Out of kilter
So, the floor in my office is being flattened. Or it will be; I rather thought work was due to start on Friday, but apparently it hasn’t. But it does need to be flattened, because it’s got a very pronounced slope, dropping about two inches over the course of ten feet. That’s because it used to be the bit of the warehouse where the most dangerous chemicals were stored, and so it was built to ensure any spillages got themselves into the public drainage system fast enough to maintain plausible deniability. At least, I assume that’s why; as far as I can tell, the people who rented the warehouse before we did never actually stayed to tell anyone about the slope until we’d moved in and got the desks set up.
The actual leveling of the floor is probably a Good Thing, since it’ll hopefully make me feel less lopsided, but in the meantime, we’ve all been moved out to the main warehouse floor, which is proving to be really quite disconcerting. For one thing, it’s actually much brighter (thanks to the magic of grime-encrusted perspex panels in the ceiling) and I’m no longer used to seeing sunlight during working hours; I kept thinking it was home-time most of Friday morning. And, of course, it’s an awful lot bigger, and there’s much more background noise.
I’m not very used to background noise in a working environment, since Libraries are generally pretty quiet (students permitting, leastways), but at work there’s actually quite a lot going on in the way of packing and unpacking shipments, and wrapping things in squeaky clingfilm, and whatnot, which I’m not sure I’ll get used to.

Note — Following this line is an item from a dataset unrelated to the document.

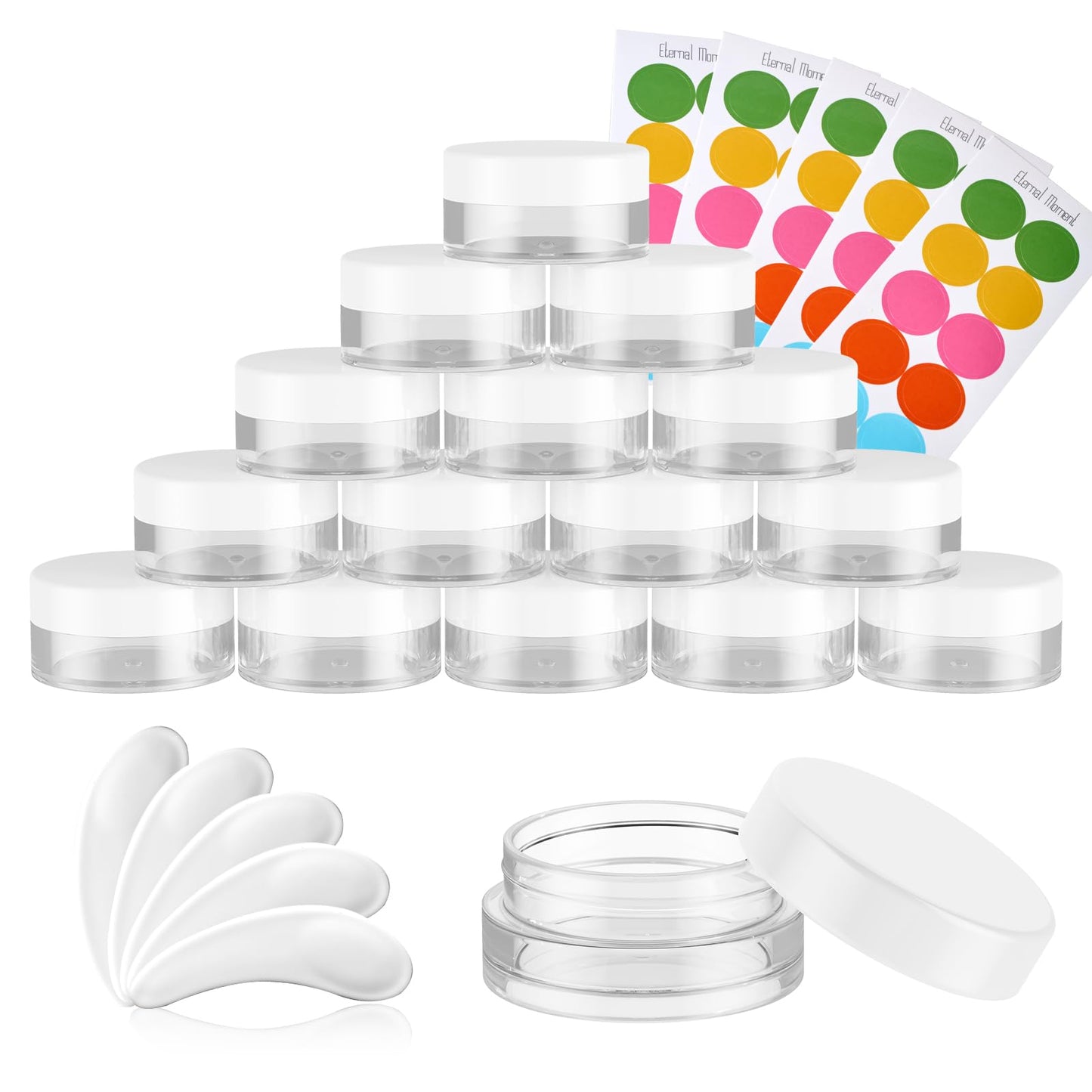 50 Pack 3 Gram Sample Containers with White Lids, Small Plastic Cosmetic Jars, Makeup Travel Container Jar for Cream, Bead, Eye Shadow, Lotions Beauty and Personal Care Eternal Moment Default Title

At least, I sort of hope I won’t get used to it; the floor adjustment is only supposed to last ten days, so in theory I won’t get a chance.
I’m blotting the noise out, however, with the help of a small radio, some headphones and Jack FM. I tried Radio 4, of course, but that was too interesting, and I kept getting distracted by what people were saying, so I had to pick something more musical, and less talkative.
I actually quite like Jack. I realise that’s a bit weird, what with it being commercial radio an’ everything, but I’ve discovered that whilst it markets like bad commercial radio, it actually sounds like good commercial radio. And whilst I generally stick to the talkier bits of the Beeb, I know whereof I speak. I never once worked a shift at the Union without Dido continuing to bemoan her tragic failure to buy in effective laundry detergent ahead of running up a bedsheet every hour on the hour, and when I was on night shifts at Tywyn James Bloody Blunt used to tell everyone how Beautiful they were once every twenty bastard minutes.
These people, in contrast, avoid repeats, and play things that genuinely good rather more than half the time. Actually quite good to work to. And as a bonus they mock Heart FM for having a six and a half song playlist, which I can definitely appreciate, since Heart is what the people on the other side of the warehouse play, and even a good song gets tedious when you hear it for the tenth time as you return from lunch.
The weirdest thing about it, actually, is still the adverts. Currently the MoD are running a chain of adverts which they have evidently decided are very catchy. I can’t find a version online, but it basically goes after this fashion:
We hear a general hubbub, and background noises suggest something heavy and metallic is moving about behind the microphone. Voices chatter. One voice rises out:
Gruff Man / Stern Woman: ‘Right, Charlie section, you’re guiding the convoy. Bravo, I need you guys to scout ahead and check the route’s clear. And you’re driving the lead carrier.
Dramatic pause
GM/SW: Yes, you. You listening to the radio. I need you here, now, guiding my boys.
Voiceover: Want a challenge? Find out more at mod.co.uk
The first time I heard it, it confused the bejesus out of me, because the AS400 is not a very exciting computer screen, and doesn’t have a mini map, or an objective compass or anything*.
The second time I heard it, it made me wish they’d got the chap who voices Captain Price to do it (‘on your feet, Soldier! We. Are. Leaving!’), and the third time I concluded that my previous reactions, and the fact I like crisps, and have flat feet, and wouldn’t like killing people or being shot at, probably meant I’m not in the target audience.
Also, of course, being at the front of a convoy sounds like a bloody dangerous place to be. Closest I want to be to that sort of mess is the closing down of the access roads to the JR, thanks all the same. And that’s bleedin’ miserable enough, so I don’t quite see how the adverts are meant to divorce you from the memory of what passes by at the end of your streets every few weeks…
Still, it makes a change from the traditional “Look at all the things you can learn in the Military, it is exciting and you are unlikely to have to go and get blown up” line taken by adverts of yesteryear, so I suppose it might give people a nudge they wouldn’t otherwise encounter. Not sure that’s a good thing, y’ken, but it’s interesting from a marketing perspective.
* And on the computer work supply me with, switching to a second window is never faster than reloading.